Według niego problem polega na tym, że rzadko sprzątam i gotuję, mimo że nie jest to prawdą. Owszem, nie zamierzam ciągle gotować i sprzątać, mam w życiu wiele innych przyjemności.
Myślałam, że moje życie małżeńskie będzie wyglądało trochę inaczej. Cieszylibyśmy się, robilibyśmy coś razem, gdzieś wychodzili.
Ale dla mojego męża najważniejsze jest to, żeby w domu było czysto i było co jeść. Przed ślubem był zupełnie innym człowiekiem. Trzeba zaznaczyć, że ja też pracuję i wcześniej nie rozmawialiśmy na ten temat tak często jak teraz.
Zasugerowałam nawet, że jeśli nie jest z czegoś zadowolony, możemy zatrudnić sprzątaczkę i opłacać jej usługi, ale to tylko go rozzłościło.

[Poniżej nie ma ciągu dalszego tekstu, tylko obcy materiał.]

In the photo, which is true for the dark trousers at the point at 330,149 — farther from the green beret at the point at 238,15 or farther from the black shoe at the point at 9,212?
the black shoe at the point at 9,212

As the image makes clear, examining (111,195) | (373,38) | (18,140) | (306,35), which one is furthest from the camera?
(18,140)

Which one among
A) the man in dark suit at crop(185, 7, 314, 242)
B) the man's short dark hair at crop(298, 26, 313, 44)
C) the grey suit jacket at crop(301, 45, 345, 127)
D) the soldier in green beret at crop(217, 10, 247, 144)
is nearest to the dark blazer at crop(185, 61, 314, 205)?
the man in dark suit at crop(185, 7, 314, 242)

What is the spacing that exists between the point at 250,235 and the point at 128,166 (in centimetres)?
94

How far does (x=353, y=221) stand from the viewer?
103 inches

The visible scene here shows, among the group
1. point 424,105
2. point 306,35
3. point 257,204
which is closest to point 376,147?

Zawsze bałam się, że będę podobna do mojej mamy, która ciągle sprzątała, gotowała, prała, mimo że wracała późno z pracy.
Nigdy nie zostawiała naczyń w zlewie, wszędzie było idealnie czysto, nawet na najwyższych półkach ciężko było znaleźć kurz, gdyż dbała o czystość.
Mnie też próbowała do tego przyzwyczaić, więc często się o to kłóciłyśmy. Idealny porządek i codziennie świeże jedzenie nie doprowadziły do niczego dobrego, gdyż po pięćdziesiątce zaczęła wyglądać na 75 lat, a poza tym ojciec zostawił ją 5 lat temu dla młodej kobiety.

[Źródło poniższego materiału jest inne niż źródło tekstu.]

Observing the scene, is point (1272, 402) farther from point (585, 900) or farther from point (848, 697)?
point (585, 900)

Nie wiem, czy ta kobieta codziennie gotuje dla ojca i cały czas sprząta. Cóż, nie sądzę, żeby o to chodziło.
Nie, nie chodzi o to, że w ogóle nie sprzątam. Wykonuję swoje bezpośrednie obowiązki, ale może nie tak często, jak chciałby tego mój mąż. Jeśli coś gotuję, to robię od razu więcej, by starczyło na kilka dni, żeby nie musieć się już o to martwić.

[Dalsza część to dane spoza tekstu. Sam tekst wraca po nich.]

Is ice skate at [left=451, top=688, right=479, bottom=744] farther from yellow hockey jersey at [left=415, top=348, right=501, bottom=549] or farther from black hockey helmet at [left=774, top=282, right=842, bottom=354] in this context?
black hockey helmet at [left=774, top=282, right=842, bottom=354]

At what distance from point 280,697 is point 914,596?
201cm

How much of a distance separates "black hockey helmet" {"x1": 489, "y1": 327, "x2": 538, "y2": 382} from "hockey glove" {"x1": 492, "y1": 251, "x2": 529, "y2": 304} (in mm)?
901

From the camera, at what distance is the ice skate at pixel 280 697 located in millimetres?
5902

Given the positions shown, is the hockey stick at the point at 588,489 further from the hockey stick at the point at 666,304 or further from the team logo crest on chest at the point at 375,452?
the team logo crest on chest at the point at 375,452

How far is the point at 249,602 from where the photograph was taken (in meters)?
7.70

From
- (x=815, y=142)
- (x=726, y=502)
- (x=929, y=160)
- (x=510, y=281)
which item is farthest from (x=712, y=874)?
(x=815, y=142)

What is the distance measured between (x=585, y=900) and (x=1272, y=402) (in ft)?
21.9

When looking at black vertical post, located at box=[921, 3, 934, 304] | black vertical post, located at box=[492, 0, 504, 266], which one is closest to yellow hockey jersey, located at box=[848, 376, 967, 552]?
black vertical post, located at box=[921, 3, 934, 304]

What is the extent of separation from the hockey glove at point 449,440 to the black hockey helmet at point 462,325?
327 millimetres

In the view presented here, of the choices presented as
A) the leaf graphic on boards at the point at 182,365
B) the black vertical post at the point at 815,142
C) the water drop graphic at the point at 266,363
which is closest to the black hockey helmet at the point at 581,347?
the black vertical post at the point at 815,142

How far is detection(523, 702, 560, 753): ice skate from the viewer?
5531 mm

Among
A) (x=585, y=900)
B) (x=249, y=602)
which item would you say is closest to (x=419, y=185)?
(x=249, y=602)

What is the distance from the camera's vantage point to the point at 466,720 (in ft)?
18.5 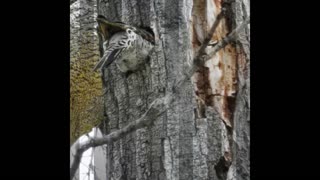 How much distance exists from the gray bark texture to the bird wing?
2 cm

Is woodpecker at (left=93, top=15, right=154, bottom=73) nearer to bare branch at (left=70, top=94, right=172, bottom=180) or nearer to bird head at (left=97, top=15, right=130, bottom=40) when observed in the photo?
bird head at (left=97, top=15, right=130, bottom=40)

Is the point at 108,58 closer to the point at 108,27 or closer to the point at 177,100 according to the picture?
the point at 108,27

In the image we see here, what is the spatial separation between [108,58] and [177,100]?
0.87 ft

Sprzątam wtedy, gdy mam dobry humor, co oznacza, że nie odkurzam i nie ścieram kurzu codziennie. Mam wystarczająco dużo innych rzeczy do zrobienia. Spotykaliśmy się z mężem przez 3 lata przed ślubem, a potem pobraliśmy się i zaczęliśmy mieszkać razem.
Tak, nie mieszkaliśmy razem przed ślubem i dlatego nigdy nie narzekał z powodu sprzątania. Ale nawet po ślubie, przez pierwszy rok wszystko było dobrze. Przez ostatnie pół roku coś się zmieniło, więc ciągle narzeka, że nie wytarłam kurzu, że nie odkurzyłam, do tego chce mieć 3 posiłki dziennie.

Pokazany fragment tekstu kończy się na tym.